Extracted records
◆ ◆ ◆
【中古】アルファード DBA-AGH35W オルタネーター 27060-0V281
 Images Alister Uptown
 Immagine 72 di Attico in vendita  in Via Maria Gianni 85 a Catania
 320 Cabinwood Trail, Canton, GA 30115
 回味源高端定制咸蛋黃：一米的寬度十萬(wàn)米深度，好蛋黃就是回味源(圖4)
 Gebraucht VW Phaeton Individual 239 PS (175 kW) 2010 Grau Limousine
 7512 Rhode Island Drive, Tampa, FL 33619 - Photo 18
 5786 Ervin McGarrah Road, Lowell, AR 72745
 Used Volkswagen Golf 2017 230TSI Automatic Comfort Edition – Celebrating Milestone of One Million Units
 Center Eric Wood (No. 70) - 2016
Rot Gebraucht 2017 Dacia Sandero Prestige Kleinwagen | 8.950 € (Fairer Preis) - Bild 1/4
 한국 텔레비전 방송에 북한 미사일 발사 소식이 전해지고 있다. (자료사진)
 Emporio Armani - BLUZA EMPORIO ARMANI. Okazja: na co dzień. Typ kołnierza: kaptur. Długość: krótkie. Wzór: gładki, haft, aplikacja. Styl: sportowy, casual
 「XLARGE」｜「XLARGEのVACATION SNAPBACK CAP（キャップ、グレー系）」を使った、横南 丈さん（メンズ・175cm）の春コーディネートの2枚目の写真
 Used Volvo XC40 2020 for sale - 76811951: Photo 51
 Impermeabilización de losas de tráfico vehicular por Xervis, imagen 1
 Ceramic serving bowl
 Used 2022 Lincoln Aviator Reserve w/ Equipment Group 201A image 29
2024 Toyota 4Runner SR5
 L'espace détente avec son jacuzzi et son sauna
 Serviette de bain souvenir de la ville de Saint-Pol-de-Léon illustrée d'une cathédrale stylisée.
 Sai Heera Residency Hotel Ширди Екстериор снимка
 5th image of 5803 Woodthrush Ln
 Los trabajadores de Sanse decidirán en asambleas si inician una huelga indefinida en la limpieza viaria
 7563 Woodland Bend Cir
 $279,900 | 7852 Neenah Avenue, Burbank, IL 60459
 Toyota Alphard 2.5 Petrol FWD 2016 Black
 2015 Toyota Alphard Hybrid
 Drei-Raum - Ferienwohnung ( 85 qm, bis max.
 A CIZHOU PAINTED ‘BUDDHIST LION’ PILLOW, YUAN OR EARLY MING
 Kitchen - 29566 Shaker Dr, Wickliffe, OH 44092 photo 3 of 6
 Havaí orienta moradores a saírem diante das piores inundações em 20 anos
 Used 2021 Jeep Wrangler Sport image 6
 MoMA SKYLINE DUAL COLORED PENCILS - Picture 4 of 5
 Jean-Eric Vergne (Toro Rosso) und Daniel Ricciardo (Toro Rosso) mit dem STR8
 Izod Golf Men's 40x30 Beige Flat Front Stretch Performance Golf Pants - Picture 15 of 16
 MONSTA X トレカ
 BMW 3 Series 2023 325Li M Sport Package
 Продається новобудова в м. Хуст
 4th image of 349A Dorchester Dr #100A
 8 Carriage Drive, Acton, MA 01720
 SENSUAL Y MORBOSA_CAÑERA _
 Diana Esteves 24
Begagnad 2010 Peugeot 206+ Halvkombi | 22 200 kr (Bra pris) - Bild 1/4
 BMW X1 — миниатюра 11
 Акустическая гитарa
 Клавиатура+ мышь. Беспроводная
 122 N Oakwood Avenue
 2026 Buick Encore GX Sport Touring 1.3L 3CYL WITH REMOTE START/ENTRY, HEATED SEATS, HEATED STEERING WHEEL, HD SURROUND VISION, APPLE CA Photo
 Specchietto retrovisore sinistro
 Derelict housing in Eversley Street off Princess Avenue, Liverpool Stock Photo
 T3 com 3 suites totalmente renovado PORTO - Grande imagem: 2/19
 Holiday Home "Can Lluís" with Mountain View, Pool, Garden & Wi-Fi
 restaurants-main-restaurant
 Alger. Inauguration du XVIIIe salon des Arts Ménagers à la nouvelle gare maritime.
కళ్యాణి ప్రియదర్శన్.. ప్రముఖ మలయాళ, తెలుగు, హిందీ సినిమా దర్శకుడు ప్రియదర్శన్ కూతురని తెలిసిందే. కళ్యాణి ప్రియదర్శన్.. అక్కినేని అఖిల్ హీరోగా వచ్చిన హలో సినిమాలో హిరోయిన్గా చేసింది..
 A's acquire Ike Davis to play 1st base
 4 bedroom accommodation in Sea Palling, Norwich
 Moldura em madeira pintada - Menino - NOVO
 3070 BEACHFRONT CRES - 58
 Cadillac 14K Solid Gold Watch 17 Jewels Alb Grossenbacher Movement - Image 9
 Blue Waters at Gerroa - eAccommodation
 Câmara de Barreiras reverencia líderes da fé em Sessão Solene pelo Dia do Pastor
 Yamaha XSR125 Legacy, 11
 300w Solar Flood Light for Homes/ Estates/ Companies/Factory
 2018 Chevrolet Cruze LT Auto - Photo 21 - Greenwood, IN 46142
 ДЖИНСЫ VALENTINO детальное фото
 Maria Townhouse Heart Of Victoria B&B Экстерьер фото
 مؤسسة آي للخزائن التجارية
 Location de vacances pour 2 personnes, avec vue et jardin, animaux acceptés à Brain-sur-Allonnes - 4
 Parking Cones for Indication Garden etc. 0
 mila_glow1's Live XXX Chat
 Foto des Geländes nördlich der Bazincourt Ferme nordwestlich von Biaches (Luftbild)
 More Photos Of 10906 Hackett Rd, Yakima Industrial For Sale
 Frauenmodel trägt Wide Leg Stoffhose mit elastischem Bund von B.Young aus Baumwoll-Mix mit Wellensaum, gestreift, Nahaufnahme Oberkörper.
◆ ◆ ◆
Which lines belong in the answer? Exactly those from the first line of the entries through the line holding "Gebraucht VW Phaeton", inclusive, copied unchanged.

OUTPUT BELOW
【中古】アルファード DBA-AGH35W オルタネーター 27060-0V281
 Images Alister Uptown
 Immagine 72 di Attico in vendita  in Via Maria Gianni 85 a Catania
 320 Cabinwood Trail, Canton, GA 30115
 回味源高端定制咸蛋黃：一米的寬度十萬(wàn)米深度，好蛋黃就是回味源(圖4)
 Gebraucht VW Phaeton Individual 239 PS (175 kW) 2010 Grau Limousine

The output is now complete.